If you don't like the 4th edition drowning rules, you could use the 'more realistic' ones from 3rd edition.

I noticed that higher level 4th edition characters drown faster than lower level characters because they take damage equal to their level. I simply houseruled it, so that instead they simply take 10% of their max hp in damage each round.
 


When deprived of food, water, or air, the rule of three applies. An adventurer can handle three weeks without food, three days without water, and three minutes without air outside of strenuous situations.

After that, such deprivation is a significant test of a PCs’ stamina. At the end of the time period (three weeks, three days, or three minutes), the character must succeed on a DC 20 Endurance check.

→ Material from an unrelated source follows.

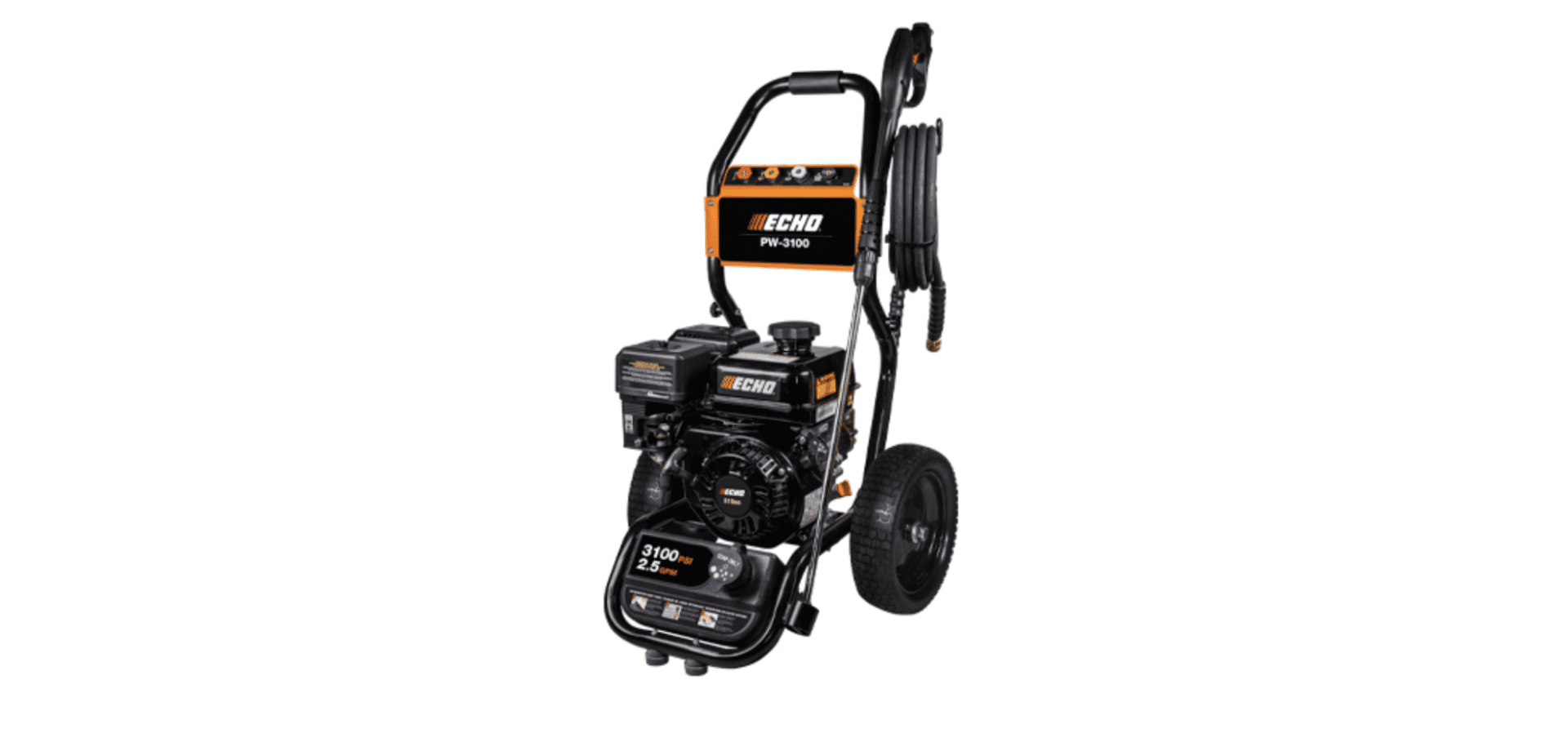 2024 Echo Power Equipment PW-3100 Pressure Washer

Success buys the character another day (if hungry or thirsty), or round (if unable to breathe). Then the check is repeated at DC 25, then at DC 30, and so on. When a character fails the check, he loses one healing surge and must continue to make checks. A character without healing surges who fails a check takes damage equal to his level.

In strenuous situations, such as combat, going without air is much harder. A character holding his breath during underwater combat, for example, must make a DC 20 Endurance check at the end of his turn in a round where he takes damage.

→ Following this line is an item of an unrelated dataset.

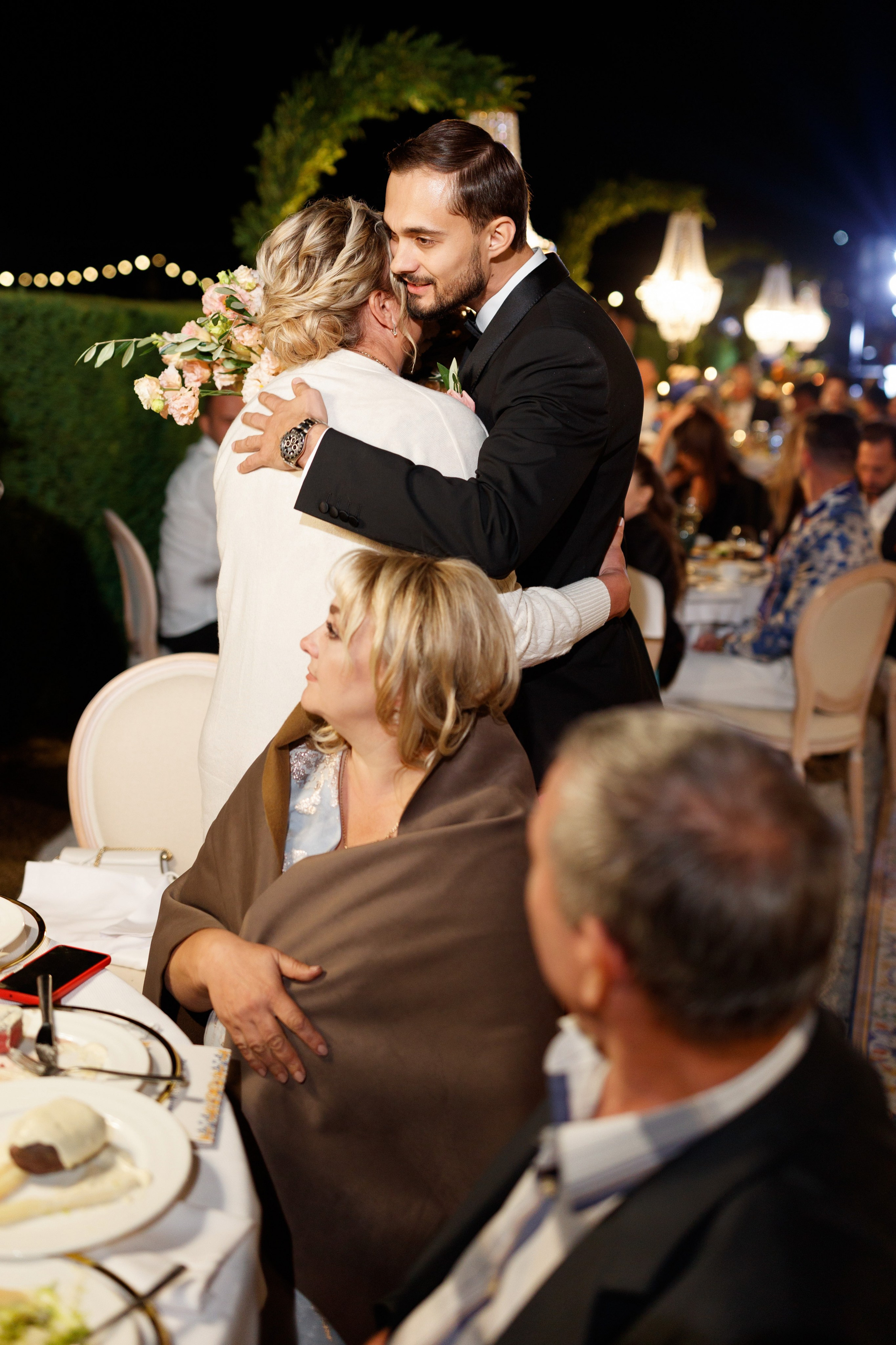 Nunta la Castel Mimi — Marcel & Valeria | Eleganță și Poveste de Dragoste. Scarlat Photography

As with environmental dangers, a character cannot regain healing surges lost to starvation, thirst, or suffocation until he eats a meal, drinks, or gains access to air again, respectively.

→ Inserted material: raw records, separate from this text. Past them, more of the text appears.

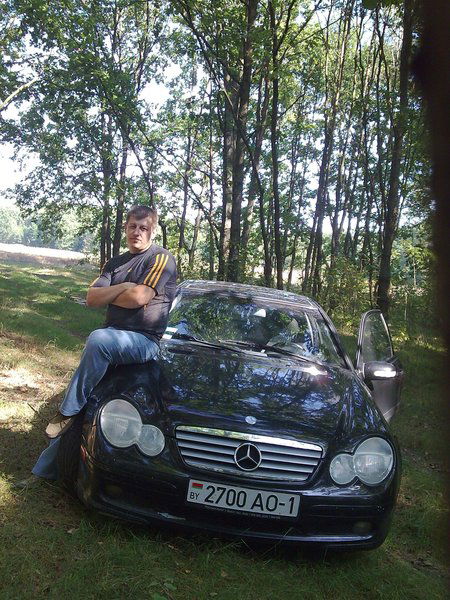 Игорь Петручик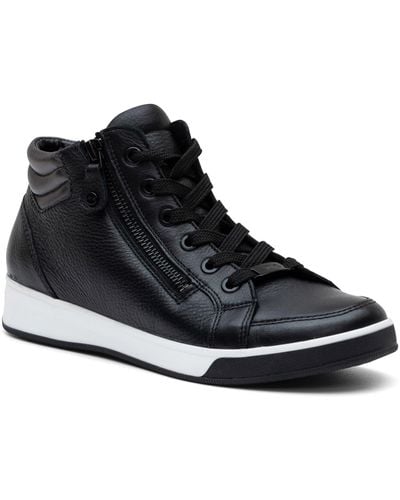 Ara High-top sneakers for Women | Online Sale up to 50% off | Lyst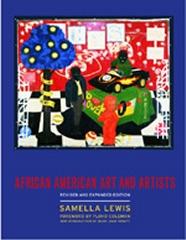 AFRICAN AMERICAN ART AND ARTISTS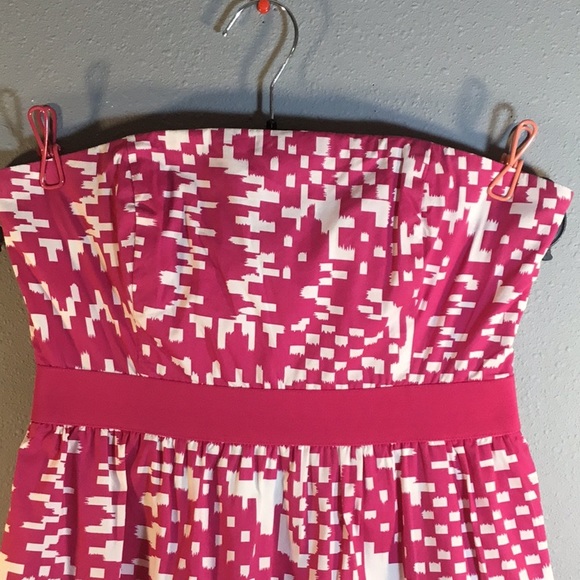 🇺🇸🇺🇸STRAPLESS BANANA REPUBLIC🇺🇸🇺🇸 - Picture 5 of 8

A character with 0 or fewer hit points who continues to suffer from one of these effects keeps taking damage as described above until he dies or is rescued.
 

I believe in 3.X, a character could hold their breath for a number of rounds equal to their Con score. After that, I'd have them make Endurance checks. I'd personally start at DC 20 and go up in increments of 2. Failure could be healing surge loss or 1d6/1d10 damage per tier.

The damage has to scale, otherwise epic characters could just hang out forever underwater. Then again, they are EPIC. Maybe it shouldn't scale...

Anyway, just my opinion.
 

I've been wanting to throw a Water-Filling Chamber trap at my players for some time now, but I agree the drowning rules aren't... frightening enough to make it actually threatening. With any amount of competence in the group, players should be able to disable or escape the trap (I'm glancing at the one in the Dragon 366 article Trapped!) within three minutes.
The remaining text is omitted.